Although many people now consider 3D printing the ultimate form of rapid prototyping, prototype machining has its place in creating prototype parts. The process is still beneficial and should be considered as a prototyping technique.

Prototypes can have different functions. The most basic is as props and placeholders – a loose representation of a final part conveying a visual representation of how the final product will look and function.

These types of prototypes help the research and development team to provide proof of concept and guide the process. If these prototypes are made to a high standard they can be used to pitch the idea to investors.

Machining can be an excellent choice for prototyping but its use depends on the nature of the prototype.

Here are some questions that you need to answer before deciding on prototype machining.

  • What is the purpose of the prototype?
  • What material will it be made?
  • What will be the material of the final product?
  • All these questions will guide the user to use the most appropriate type of prototyping.

From File to Prototype

One of the biggest reasons why many manufacturers prefer prototype machining is the CNC element in the machining. Because prototype machining is a digital process that creates a part from a computer file, it allows engineers to speed up the prototyping process.

These machined parts can closely resemble the intended finished part with similar dimensions. Plus, in prototype machining, the degree of repeatability is high.

Also, the digital nature of the machining process allows for quick and precise alterations. If the machined prototype has exhibited flaws in its physical flaw resulting from incorrect design, the product development team can go back to the CAD software to make changes for the next prototype.

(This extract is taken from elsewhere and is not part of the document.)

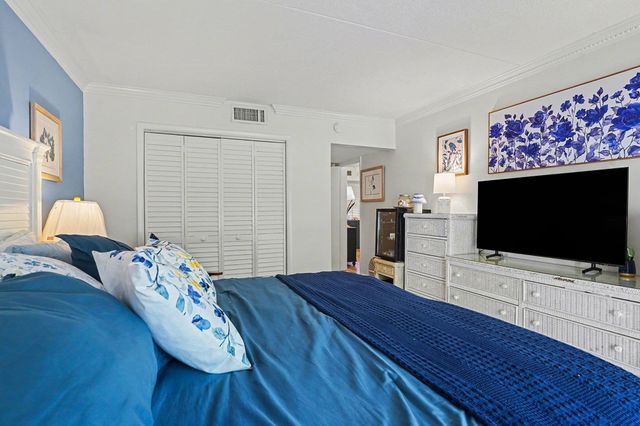311 71st Ave N Apt 1C, Myrtle Beach, SC 29572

They can also compare the side of the prototype by side and can test how the part will perform in the real world through simulation.

Proximity to the Final Part

One of the major advantages of using prototype machining to create prototypes that are similar to the final part. Because machining workshops can produce end-use parts with the same machine, they can create prototypes that closely resemble that final part.

Another factor why this is possible is because of the materials used. Most engineering metals are highly machinable, allowing engineers to create prototypes from the same or similar materials as the final part.

The process itself is also a factor. Its machined parts are strong and do not exhibit weakness along the axes. Also, creating prototypes that are close in appearance and behavior to the final part will make it easier for bridge production as there are few changes needed.